弹劾长公主
烛火快要燃尽了,残光照在父女俩脸上,一个苍白,一个红润,都安安静静的。
萧明月轻轻拉上帐幔,转身走了出去。
经过院子时,她看见那棵梧桐树落了一地的叶子,秋风卷着黄叶打着旋儿。
她站了一会儿,忽然开口问跟在身后的丫鬟:“我记得,库房里还有几匹天蚕丝的面料?”
丫鬟忙道:“回殿下,有的,是前年江南织造进贡的。”
“送去清风院,给驸马做几身里衣。天蚕丝贴身穿暖和。”
她说这话时语气仍旧淡淡的,像是吩咐一件微不足道的小事。
丫鬟应了,心里却吃惊得不行。
天蚕丝一年才产那么几匹,宫里都未必能分到,殿下自己都舍不得用,如今竟一口气给了新驸马做里衣。
萧明月没理会丫鬟的心思,抬脚往外走。
江临风的病情总算稳住了。
太医开了方子,每日三剂汤药,交代了至少卧床将养半月。
江颂宜守在父亲床边守了大半日,直到他睡着,呼吸渐渐平稳下来,才悄悄退出来。
她在廊下站了一会儿,小圆子从后面追上来,手里提着一双厚底棉鞋:“小姐,地上凉,快穿上吧。
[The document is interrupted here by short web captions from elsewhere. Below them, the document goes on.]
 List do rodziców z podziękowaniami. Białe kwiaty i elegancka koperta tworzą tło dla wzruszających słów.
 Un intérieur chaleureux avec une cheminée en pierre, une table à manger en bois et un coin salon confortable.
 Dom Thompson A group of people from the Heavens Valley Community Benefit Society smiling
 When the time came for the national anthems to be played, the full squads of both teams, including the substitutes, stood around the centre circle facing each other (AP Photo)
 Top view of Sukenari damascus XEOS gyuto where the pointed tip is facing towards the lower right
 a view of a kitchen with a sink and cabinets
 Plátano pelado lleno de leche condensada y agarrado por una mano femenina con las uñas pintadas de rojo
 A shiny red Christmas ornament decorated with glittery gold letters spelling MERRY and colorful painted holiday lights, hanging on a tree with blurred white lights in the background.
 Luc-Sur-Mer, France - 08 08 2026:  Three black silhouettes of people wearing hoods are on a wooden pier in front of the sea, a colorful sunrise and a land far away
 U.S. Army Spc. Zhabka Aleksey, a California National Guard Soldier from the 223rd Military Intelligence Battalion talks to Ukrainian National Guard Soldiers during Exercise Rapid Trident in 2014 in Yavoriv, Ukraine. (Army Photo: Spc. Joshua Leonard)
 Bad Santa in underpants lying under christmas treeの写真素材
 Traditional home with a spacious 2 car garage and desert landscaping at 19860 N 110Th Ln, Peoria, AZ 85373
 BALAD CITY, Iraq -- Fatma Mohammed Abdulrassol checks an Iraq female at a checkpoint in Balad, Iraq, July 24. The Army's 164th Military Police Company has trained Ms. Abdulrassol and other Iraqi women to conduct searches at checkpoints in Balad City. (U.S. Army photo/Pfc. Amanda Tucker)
”
江颂宜乖乖伸脚,让她穿鞋,仰头看了看天色。
日头正高,风卷着桂花的甜香从园子那头飘过来。
她抽了抽鼻子,忽然转了个弯,朝小厨房的方向走去。
“小姐?您去哪儿?”小圆子急忙跟上。
“去厨房。”江颂宜迈着小短腿走得飞快,“我要给长公主做碗甜汤。”
小圆子愣了一下,赶紧追上去:“小姐,您才五岁,哪会做什么甜汤?再说了,长公主的膳食都是有规制的,厨房的人哪敢让您动火。”
江颂宜回头冲她眨了眨眼:“你跟着就是了。”
清风院的小厨房没有多大,灶台砌在靠墙的位置,两口铁锅擦得锃亮。
案板上码着各色蔬菜和干货,几个婆子正在准备午膳。
看见小小姐走进来,都愣住了。
“哎呀,小小姐怎么到这儿来了?这油烟重的”
掌勺的刘婆子赶紧放下手里的菜刀,在围裙上擦了擦手。
江颂宜踮着脚看了看灶台上的东西,目光落在一小罐鲜奶上。
那是今早刚送来的牛乳,用瓦罐装着,还冒着热气。
旁边搁着一块老姜,个头饱满。
她点点头,转身对小圆子说:“把那些奶和姜拿上,我要用。”
刘婆子吓了一跳:“小小姐,您这是要做什么?厨房里刀呀火的,可不是小孩子玩的地方!”
“我不玩。”江颂宜仰起头,五岁的小脸蛋上一本正经,“我要做姜撞奶,给长公主送去,谢谢她昨晚救了我爹爹。”
几个婆子面面相觑。
姜撞奶?这东西她们听都没听过。
小圆子也犯了难,蹲下身劝道:“小姐,要不您说怎么做,让刘婆婆动手?您在一旁看着就行。”
江颂宜想了想,点头:“也行,但得听我的。”
刘婆子没办法,只能依着这位小祖宗。
好在长公主昨儿才发了话,清风院的事儿一概上心,小厨房的管事陈嬷嬷也交代过,伺候好这位新来的小姐是头等大事。
江颂宜让刘婆子把老姜洗净去皮,用石臼捣碎了挤出一小碗姜汁,那股辛辣的味道冲得刘婆子直皱眉。
然后,她又让人把鲜奶倒进小铜锅里,加了少许糖,小火慢慢煮到微微冒泡。
“好了好了,关火。”江颂宜趴在灶台边,伸着脑袋指挥,“把奶晾一晾,不能太烫。”
刘婆子依言把铜锅端下来放在窗台上晾着,回头看了一眼那碗黄澄澄的姜汁,忍不住问:“小姐,这姜汁跟奶怎么弄到一块儿?”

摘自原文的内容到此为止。